TASK: Each line below that includes "multiple" counts once; report the total and nothing more.

DATA SUPPLIED:
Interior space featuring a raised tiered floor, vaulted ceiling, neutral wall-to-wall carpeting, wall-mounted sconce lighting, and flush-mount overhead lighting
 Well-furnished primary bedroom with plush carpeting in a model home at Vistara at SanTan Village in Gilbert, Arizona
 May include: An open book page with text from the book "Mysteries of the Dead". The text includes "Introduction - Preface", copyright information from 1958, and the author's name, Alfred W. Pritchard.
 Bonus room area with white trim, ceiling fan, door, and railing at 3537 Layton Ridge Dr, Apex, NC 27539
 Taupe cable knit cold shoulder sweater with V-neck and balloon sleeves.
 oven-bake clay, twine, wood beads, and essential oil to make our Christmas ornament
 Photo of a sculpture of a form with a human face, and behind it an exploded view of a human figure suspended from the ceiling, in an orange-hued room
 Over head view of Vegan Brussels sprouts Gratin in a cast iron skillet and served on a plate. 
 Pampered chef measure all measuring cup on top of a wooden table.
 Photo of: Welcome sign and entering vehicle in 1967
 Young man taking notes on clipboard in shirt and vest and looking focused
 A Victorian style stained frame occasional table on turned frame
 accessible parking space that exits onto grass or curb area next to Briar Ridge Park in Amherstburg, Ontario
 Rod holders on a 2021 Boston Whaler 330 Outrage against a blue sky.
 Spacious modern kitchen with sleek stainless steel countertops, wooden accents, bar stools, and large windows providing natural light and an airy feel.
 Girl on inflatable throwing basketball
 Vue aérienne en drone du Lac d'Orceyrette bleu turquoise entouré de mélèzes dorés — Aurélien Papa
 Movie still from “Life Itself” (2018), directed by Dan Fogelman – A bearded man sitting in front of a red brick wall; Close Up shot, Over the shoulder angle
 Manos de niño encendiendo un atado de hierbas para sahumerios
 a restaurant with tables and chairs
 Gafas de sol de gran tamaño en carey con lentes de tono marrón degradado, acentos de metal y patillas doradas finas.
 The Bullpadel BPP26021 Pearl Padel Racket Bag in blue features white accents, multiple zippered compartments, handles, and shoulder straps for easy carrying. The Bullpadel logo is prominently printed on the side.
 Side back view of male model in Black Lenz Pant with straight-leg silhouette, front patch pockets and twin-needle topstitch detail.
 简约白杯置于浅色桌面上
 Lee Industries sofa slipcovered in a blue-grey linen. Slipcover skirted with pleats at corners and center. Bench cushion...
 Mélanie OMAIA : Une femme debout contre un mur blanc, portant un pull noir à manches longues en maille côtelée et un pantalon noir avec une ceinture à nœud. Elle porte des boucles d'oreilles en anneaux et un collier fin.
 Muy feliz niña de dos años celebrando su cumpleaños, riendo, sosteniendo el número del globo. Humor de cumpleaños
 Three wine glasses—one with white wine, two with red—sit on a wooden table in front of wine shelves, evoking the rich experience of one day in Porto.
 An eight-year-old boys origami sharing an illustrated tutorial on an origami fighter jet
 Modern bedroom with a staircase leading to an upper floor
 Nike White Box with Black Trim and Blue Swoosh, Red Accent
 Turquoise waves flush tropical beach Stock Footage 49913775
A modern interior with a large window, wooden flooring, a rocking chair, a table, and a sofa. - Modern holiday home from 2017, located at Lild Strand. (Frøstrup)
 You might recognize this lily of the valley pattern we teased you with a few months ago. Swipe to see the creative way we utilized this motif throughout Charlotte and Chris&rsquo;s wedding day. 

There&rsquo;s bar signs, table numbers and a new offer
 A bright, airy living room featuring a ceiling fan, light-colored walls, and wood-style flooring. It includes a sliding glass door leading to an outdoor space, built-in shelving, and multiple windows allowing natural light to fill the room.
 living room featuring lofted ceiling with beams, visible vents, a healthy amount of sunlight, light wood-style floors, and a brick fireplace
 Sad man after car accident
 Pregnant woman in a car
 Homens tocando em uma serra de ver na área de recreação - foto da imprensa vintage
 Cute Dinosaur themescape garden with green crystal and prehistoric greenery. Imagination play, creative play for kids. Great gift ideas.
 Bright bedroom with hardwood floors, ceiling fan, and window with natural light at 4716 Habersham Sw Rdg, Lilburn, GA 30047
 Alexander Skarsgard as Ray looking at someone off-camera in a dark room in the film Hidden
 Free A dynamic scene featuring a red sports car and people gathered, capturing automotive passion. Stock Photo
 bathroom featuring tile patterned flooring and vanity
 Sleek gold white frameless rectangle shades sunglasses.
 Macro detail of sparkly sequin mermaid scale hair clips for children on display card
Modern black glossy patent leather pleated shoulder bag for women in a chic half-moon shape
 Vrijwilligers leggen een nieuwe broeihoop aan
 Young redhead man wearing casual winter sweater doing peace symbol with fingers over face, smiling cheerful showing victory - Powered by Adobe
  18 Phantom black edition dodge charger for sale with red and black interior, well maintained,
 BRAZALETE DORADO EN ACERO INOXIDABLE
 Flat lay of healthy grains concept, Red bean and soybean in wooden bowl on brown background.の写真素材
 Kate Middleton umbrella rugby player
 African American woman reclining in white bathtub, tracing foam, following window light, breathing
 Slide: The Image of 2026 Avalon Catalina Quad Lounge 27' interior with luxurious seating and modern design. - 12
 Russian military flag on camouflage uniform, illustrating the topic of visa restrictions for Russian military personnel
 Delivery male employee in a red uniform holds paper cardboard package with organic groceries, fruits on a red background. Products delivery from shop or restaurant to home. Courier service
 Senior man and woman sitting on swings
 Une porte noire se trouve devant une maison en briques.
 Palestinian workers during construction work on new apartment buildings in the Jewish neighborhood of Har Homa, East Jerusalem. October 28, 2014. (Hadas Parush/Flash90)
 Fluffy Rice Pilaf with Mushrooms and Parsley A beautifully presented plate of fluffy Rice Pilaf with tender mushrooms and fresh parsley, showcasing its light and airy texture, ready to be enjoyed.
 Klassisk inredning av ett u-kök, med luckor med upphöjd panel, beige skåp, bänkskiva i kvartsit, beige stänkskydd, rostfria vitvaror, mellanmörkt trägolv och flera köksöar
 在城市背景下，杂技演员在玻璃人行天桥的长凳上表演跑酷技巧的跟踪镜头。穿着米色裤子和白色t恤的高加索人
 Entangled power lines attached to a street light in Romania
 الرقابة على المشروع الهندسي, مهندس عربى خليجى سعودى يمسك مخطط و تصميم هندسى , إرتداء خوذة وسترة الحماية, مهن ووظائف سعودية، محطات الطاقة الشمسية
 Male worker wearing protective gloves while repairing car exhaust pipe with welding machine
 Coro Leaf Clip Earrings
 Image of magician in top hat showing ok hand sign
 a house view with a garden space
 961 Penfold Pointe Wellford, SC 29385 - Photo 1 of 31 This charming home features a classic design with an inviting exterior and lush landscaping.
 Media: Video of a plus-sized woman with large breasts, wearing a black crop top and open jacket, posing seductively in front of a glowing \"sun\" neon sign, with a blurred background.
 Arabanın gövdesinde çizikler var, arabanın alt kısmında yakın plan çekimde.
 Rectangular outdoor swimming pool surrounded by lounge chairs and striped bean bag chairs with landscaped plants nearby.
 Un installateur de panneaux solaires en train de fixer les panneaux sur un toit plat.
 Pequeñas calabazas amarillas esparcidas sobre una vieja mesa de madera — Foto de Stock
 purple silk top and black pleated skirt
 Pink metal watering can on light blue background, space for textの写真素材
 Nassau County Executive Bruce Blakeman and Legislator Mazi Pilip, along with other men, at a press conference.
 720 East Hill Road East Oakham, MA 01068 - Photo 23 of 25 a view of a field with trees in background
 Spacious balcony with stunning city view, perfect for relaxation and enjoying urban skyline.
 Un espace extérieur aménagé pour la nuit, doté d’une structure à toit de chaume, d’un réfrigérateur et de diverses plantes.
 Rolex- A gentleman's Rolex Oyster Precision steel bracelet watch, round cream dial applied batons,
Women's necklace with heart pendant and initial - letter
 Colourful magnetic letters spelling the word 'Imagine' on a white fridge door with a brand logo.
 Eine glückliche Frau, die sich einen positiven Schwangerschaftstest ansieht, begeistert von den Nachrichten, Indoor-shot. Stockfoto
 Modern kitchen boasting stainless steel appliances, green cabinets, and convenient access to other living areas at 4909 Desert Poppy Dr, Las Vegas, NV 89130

SOLUTION FOR THIS EXERCISE: 2